_Task details_
What you return should match the data word for word, minus the images.

_Pictures with short captions_

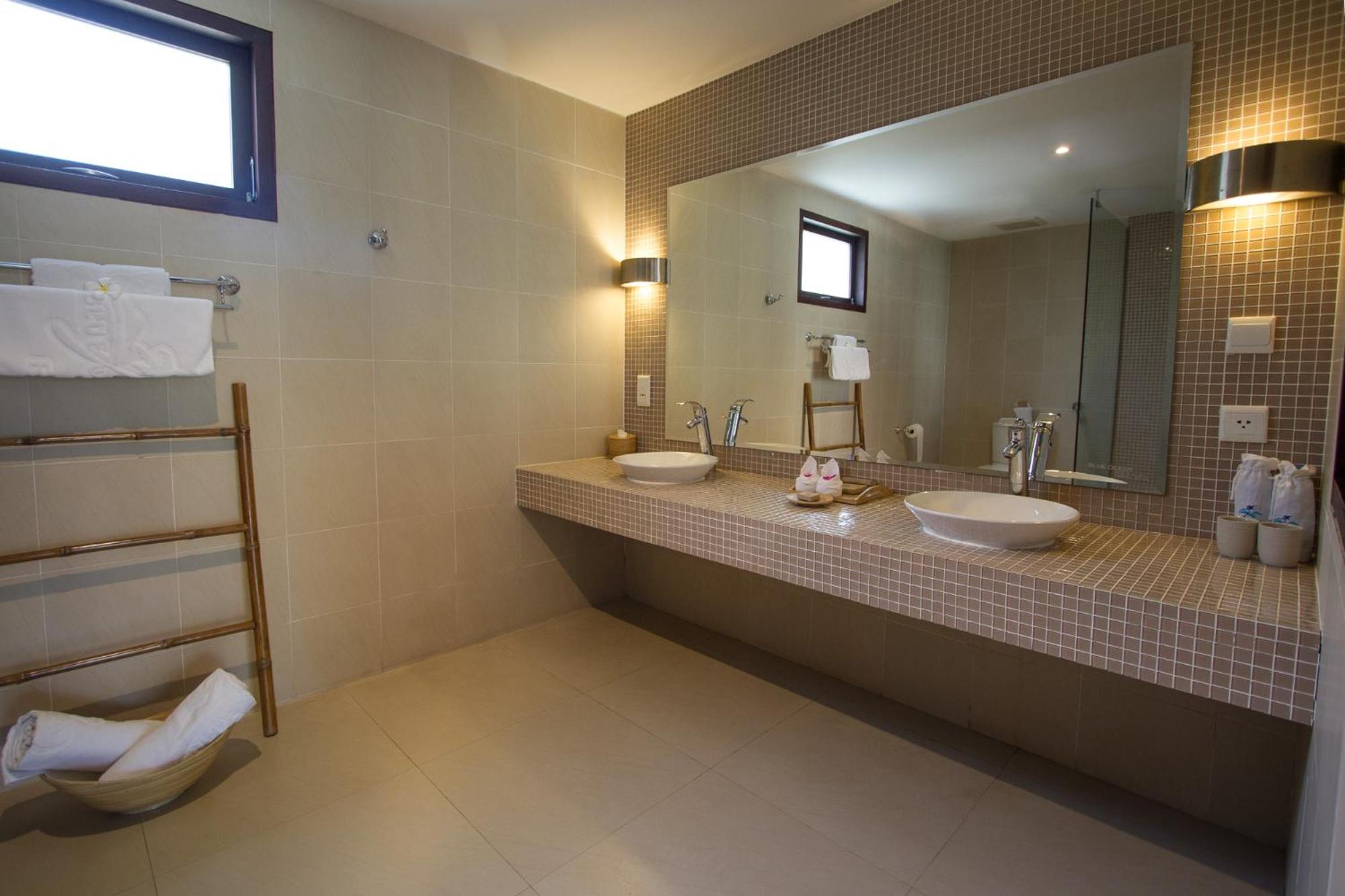 Superior Double or Twin Room with Balcony and Garden View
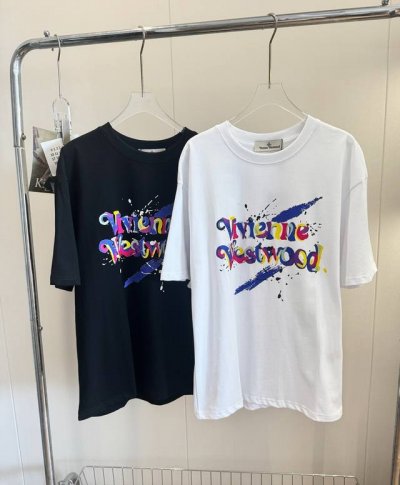 品名： * 西太后土星彩色前后涂鸦短袖 尺码：S.M.L 颜色：白色 黑色 无法抗拒这么Cool Guy，西太后穿搭的点睛之笔，一份来自宇宙级别浪漫，请注意查收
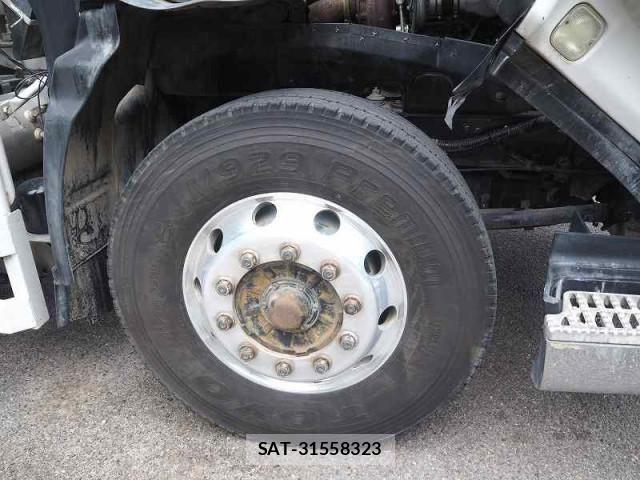 Isuzu GIGA 2012-06 1146826-9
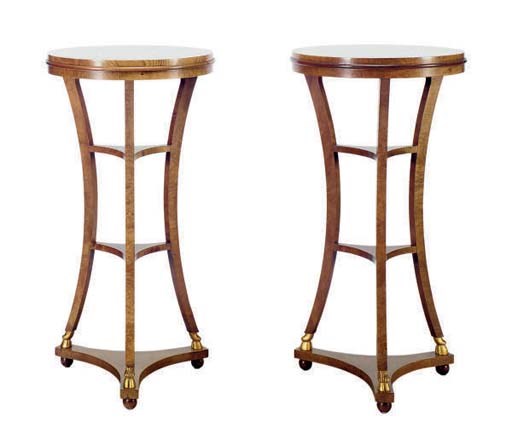 A PAIR OF PARCEL-GILT BURR WALNUT CIRCULAR STANDS,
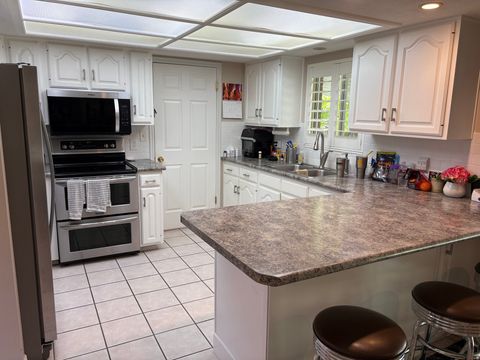 Tiny photo for 545 S 1350 E, Fruit Heights, UT 84037 (MLS # 2158518)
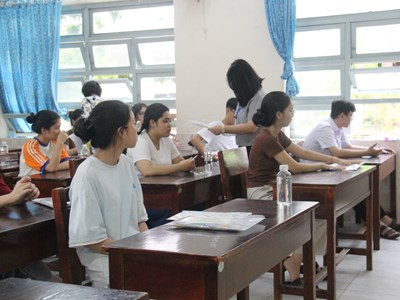 Hơn 13.000 thí sinh hoàn thành môn thi tốt nghiệp THPT đầu tiên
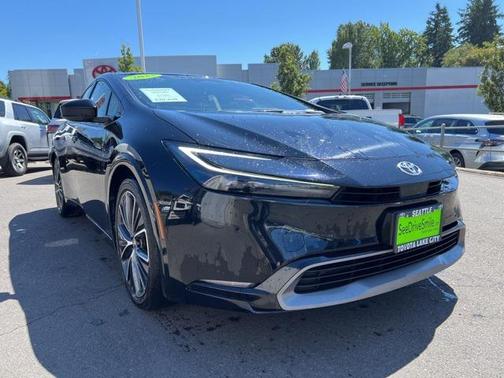 2023 Toyota Prius XLE
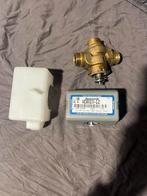 Honeywell 3-weg klep; VC8010-12, Doe-het-zelf en Verbouw, Geisers en Boilers, Ophalen of Verzenden, Zo goed als nieuw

_Answer for this exercise_
 Superior Double or Twin Room with Balcony and Garden View
 品名： * 西太后土星彩色前后涂鸦短袖 尺码：S.M.L 颜色：白色 黑色 无法抗拒这么Cool Guy，西太后穿搭的点睛之笔，一份来自宇宙级别浪漫，请注意查收
 Isuzu GIGA 2012-06 1146826-9
 A PAIR OF PARCEL-GILT BURR WALNUT CIRCULAR STANDS,
 Tiny photo for 545 S 1350 E, Fruit Heights, UT 84037 (MLS # 2158518)
 Hơn 13.000 thí sinh hoàn thành môn thi tốt nghiệp THPT đầu tiên
 2023 Toyota Prius XLE
 Honeywell 3-weg klep; VC8010-12, Doe-het-zelf en Verbouw, Geisers en Boilers, Ophalen of Verzenden, Zo goed als nieuw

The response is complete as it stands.